Edward George "Ted" Nugee  (9 August 1928 – 30 December 2014) was an English barrister. Nugee was described in his London Times obituary as "one of the pre-eminent Chancery barristers of his generation". He was involved in number of significant cases on tax and pensions, as well as being a regularly published correspondent in letters to the editor of The Times.

Early life, education and military service
Nugee was born in 1928 in Godalming, Surrey, son of Brigadier George Nugee CBE, DSO, MC and his wife, Violet Mary.

Nugee attended Brambletye School in East Grinstead and Radley College in Oxfordshire, from where he won a scholarship to Worcester College, Oxford, to read classics. Before going to University he spent two years on National Service as a gunner in the Royal Artillery, and served in Singapore during the Malayan Emergency. Upon his return to Oxford, Nugee reportedly realised that he had not seen a Latin or Greek text for two years and so abandoned classics in favour of law. He graduated with a double first, and in 1953 was awarded the Eldon Law Scholarship.

After completing his National Service commitment Nugee remained in the Territorial Army and was commissioned into the Intelligence Corps in April 1952. He would serve in the Intelligence Corps until November 1964, having reached the rank of Captain in May 1955 and been awarded the Territorial Decoration in July 1964.

Law
He was called to the bar in 1955 at the Inner Temple and became a pupil at 2 New Square in Lincoln's Inn, but soon thereafter moved to chambers at 3 New Square, later known as Wilberforce Chambers.  He remained there in practice for nearly 60 years until his death, principally in the areas of pensions and tax, and was head of chambers for over 30 years.  He was Treasurer of the Inner Temple in 1996.

In 1962, Nugee was asked to join the legal team advising the Colonial Office on administrative issues in Uganda, then a British protectorate and soon to become independent. His role was to advise on the boundaries of traditional areas and tribal domains;  he took great pleasure in researching the pre-colonial administration of the Baganda people, taking evidence from elders who could personally remember the period before the British arrived in 1898, and was instrumental in advising the Colonial Office to restore to the Baganda people authority over some of their traditional territory.

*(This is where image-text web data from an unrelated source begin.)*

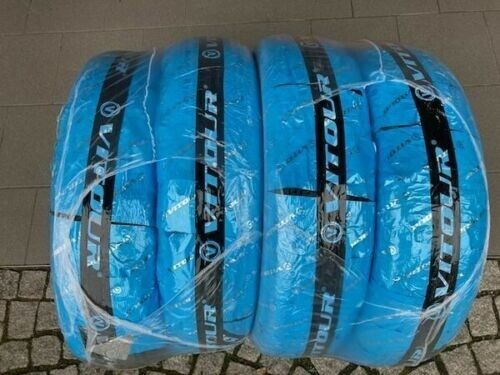 155r15 82h vitour - 4x,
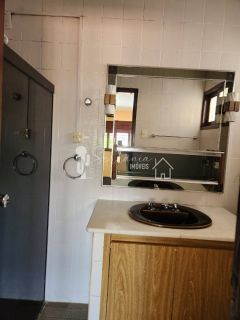 Casa para Venda com Excelente Localização na Rua Félix Cavalcante Albuquerque 52 – Prado – Recife/PE.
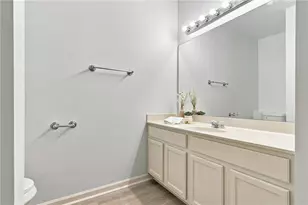1955 Nocturne Dr, Alpharetta, GA 30009 - Photo 20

In 1967 Nugee was made a Junior Counsel for the Land Commission. From 1968 to 1977 he was Counsel for Litigation under the Commons Registration Act 1965. He was also Conveyancing Counsel to the Treasury, the Defence Department, the Ministry of Agriculture & Fisheries and the Forestry Commission. He was appointed Queen's Counsel in 1977.

In addition to his practice Nugee did a great deal of work for the Family Welfare Association, the Mothers' Union, the London Citizens' Advice Bureau, and for Poor Man’s Lawyer in Lewisham.

He also served on the Council of Legal Education from 1967 to 1990, and assisted the Law Commission.

Between 1982 and 1997 he often sat as a Deputy High Court Judge in the Chancery Division.

In 1984 he was appointed chairman of an inquiry set up by the minister of housing into the management problems of privately owned blocks of flats. This resulted in the Landlord and Tenant Act 1987.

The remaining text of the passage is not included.